InvalidArgumentError (see above for traceback): Cannot batch tensors with different shapes in component 0. First element had shape [36] and element 2 had shape [34]

  • You might want to try transforming your wav data so the dimensions line up. A nice way of doing this is a [mel spectrogram](https://librosa.github.io/librosa/generated/librosa.feature.melspectrogram.html). Librosa is a python library that has this feature. – o-90 Aug 02 '19 at 15:53
  • I don't understand why you cannot use `padded_batch` there. [`tf.nn.ctc_loss_v2`](https://www.tensorflow.org/api_docs/python/tf/nn/ctc_loss_v2) takes length parameters, so you can pass padded tensors and the length and the calculation will be correct. In fact, the function _assumes_ you will pass a padded tensor. – jdehesa Aug 02 '19 at 16:44
  • oh wow, sorry! you're right! – Malena Reiners Aug 02 '19 at 19:03

1 Answers1

1

If you want to train a seq2seq model and use features, transcript as training examples dataset.window is not what you gonna use.

dataset = tf.data.Dataset.from_generator(generate_values,
                         output_types=(tf.string, tf.int64, tf.int64))
dataset = dataset.map(entry_to_features)
dataset = dataset.padded_batch(batch_size, padded_shapes=([None, Config.n_input], [], [None], []))

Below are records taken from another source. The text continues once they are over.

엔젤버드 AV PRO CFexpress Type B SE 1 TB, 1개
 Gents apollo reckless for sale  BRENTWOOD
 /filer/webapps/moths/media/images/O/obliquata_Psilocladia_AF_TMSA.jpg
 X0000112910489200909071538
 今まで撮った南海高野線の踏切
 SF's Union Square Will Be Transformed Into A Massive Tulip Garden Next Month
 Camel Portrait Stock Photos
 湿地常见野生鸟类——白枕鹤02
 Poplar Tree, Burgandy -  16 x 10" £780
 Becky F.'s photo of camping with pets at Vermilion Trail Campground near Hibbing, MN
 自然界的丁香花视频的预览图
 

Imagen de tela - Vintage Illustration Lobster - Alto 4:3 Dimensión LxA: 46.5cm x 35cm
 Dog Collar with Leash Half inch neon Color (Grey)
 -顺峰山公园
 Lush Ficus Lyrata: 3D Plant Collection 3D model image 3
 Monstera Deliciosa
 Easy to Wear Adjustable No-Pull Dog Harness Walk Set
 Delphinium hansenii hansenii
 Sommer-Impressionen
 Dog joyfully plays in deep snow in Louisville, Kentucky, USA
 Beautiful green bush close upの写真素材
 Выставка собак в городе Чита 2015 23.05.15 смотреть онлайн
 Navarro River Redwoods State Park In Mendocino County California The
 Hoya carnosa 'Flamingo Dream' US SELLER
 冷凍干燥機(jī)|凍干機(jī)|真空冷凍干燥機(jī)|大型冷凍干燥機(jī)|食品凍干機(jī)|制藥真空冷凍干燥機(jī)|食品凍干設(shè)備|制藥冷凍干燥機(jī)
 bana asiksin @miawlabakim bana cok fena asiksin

later you can use the dataset as follows:

for features, feature_length, labels, label_length in dataset.take(30): 
    logits, logit_length = model(features, feature_length)
    loss = tf.nn.ctc_loss_v2(labels, tf.cast(logits, tf.float32), 
                             label_length, logit_length, logits_time_major=False)
alexey
  • 706
  • 5
  • 9